Reference video in Seedance 2.0 lets you anchor motion — camera moves, character choreography, timing — to an existing clip rather than describing everything in text. Use 3-8 second reference clips: single shot, no jump cuts, clean H.264 compression. Keep text prompts short (three adjectives or fewer for style). Text describes what the reference can’t show; the reference handles the motion. If your output drifts or ignores the reference, follow the troubleshooting ladder in this guide.

Introduction

Text-only video generation works well for loose concepts: atmospheric scenes, exploratory directions, varied visual approaches.

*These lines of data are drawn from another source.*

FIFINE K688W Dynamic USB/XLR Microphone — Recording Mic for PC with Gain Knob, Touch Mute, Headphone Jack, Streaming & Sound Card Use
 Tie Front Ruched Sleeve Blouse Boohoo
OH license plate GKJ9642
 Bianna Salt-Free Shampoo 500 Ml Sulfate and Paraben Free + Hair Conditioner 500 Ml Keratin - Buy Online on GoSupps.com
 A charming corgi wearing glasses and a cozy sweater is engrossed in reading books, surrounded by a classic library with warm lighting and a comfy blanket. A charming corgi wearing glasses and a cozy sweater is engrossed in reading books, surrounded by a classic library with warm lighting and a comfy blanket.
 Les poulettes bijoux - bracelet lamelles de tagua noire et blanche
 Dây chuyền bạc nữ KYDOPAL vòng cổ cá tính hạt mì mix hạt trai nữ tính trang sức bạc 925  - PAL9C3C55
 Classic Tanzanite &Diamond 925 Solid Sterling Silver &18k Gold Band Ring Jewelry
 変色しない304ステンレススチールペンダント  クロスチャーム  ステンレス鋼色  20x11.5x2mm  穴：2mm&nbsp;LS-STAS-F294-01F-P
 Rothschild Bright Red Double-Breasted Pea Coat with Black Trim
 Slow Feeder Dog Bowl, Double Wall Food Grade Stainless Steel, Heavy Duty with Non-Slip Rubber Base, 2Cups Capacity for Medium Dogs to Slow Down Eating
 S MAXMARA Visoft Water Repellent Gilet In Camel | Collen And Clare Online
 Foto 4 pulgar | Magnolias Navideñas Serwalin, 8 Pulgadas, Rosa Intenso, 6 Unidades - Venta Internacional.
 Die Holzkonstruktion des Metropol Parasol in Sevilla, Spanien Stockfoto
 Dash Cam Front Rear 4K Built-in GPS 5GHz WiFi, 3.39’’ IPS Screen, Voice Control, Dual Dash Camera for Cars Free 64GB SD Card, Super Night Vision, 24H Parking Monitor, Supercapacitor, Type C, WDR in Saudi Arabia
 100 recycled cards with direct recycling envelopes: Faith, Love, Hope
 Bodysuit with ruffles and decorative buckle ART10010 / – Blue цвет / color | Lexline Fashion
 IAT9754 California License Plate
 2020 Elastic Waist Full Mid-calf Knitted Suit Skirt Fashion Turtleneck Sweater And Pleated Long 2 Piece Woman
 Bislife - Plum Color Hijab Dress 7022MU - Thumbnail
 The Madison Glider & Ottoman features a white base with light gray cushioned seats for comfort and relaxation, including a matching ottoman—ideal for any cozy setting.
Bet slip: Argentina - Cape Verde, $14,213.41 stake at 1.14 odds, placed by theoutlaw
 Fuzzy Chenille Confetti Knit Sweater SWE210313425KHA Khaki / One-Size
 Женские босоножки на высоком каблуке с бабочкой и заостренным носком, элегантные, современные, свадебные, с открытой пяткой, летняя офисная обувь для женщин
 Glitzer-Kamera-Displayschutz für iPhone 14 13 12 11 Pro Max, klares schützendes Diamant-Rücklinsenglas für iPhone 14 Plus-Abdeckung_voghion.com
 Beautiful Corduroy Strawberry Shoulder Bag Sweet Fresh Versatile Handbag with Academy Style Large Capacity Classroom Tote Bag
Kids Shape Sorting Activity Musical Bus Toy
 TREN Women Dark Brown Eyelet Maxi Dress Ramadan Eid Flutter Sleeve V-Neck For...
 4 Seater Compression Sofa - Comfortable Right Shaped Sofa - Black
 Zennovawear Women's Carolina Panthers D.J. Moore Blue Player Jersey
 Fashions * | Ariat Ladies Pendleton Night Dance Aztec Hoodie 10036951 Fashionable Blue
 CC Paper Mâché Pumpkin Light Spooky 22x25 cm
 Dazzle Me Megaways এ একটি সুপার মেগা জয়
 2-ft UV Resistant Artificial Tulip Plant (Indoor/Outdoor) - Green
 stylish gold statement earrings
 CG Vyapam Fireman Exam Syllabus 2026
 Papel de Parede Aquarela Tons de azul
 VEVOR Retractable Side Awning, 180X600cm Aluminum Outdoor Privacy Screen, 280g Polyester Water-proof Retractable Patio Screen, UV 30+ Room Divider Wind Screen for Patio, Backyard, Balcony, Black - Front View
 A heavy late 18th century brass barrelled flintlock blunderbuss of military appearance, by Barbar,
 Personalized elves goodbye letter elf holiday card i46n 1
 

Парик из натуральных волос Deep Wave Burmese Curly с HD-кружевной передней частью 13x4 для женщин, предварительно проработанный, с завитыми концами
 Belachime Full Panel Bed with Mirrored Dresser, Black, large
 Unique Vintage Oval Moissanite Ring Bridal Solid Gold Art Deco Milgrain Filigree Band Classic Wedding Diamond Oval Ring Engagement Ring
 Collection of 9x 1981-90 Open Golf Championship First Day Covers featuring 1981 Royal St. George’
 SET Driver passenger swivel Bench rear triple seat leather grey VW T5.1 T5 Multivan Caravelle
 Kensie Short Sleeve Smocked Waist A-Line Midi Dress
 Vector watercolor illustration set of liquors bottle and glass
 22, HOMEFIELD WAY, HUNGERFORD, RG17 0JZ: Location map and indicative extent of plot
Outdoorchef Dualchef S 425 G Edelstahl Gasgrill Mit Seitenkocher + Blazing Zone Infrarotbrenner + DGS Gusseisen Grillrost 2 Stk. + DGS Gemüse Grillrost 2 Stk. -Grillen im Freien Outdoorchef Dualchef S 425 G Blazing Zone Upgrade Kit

When the motion is already decided — the specific timing of a gesture, a camera push-in, a walk cycle — text descriptions are imprecise.

Reference video closes that gap. You provide a clip that shows what you want, and Seedance 2.0 reinterprets the motion into the new scene you’ve described.

This guide covers when reference video helps versus when text alone is better, how to prepare effective reference clips, and how to fix the most common issues.

button

When to use reference video

Reference video works best for:

Micro-gestures: Precise timing like “a thumb tap” or “a nod that lands on beat three.” Text can’t capture the exact timing; a reference clip can.
Choreography: Consistent motion patterns like walks with a specific cadence or a repeated physical routine.
Camera moves: Subtle operations like slow push-ins, controlled orbits, or specific framing changes. These are hard to describe precisely.
Beat-matching: Synchronizing actions to audio cues. The model can read timing from a reference clip better than from a text description.

Text-only is better for:

Loose concepts or atmospheric pieces where variety is good
Exploring different visual directions for the same content
When you don’t have an appropriate reference clip and the motion is simple enough to describe

Preparing reference clips

A good reference clip has these characteristics:

Length: 3-8 seconds. Shorter clips give the model too little information. Longer clips risk reducing model confidence and producing inconsistent output.

Continuity: No edits, no jump cuts, no cuts of any kind. A single continuous shot from start to finish.

Compression: Clean H.264 without macro-blocking artifacts. Compressed or re-encoded clips with visible artifacting produce worse results.

Subject clarity: Plain backgrounds and steady lighting help the model read the subject’s silhouette and movement clearly. Busy backgrounds compete with the subject for the model’s attention.

Checklist before uploading a reference clip:

[ ] Under 8 seconds
[ ] Single continuous shot, no cuts
[ ] Clean compression, no visible blocking
[ ] Subject visible against background
[ ] Steady lighting throughout

Prompting with a reference clip

When combining a reference clip with a text prompt, the text should complement rather than repeat the reference.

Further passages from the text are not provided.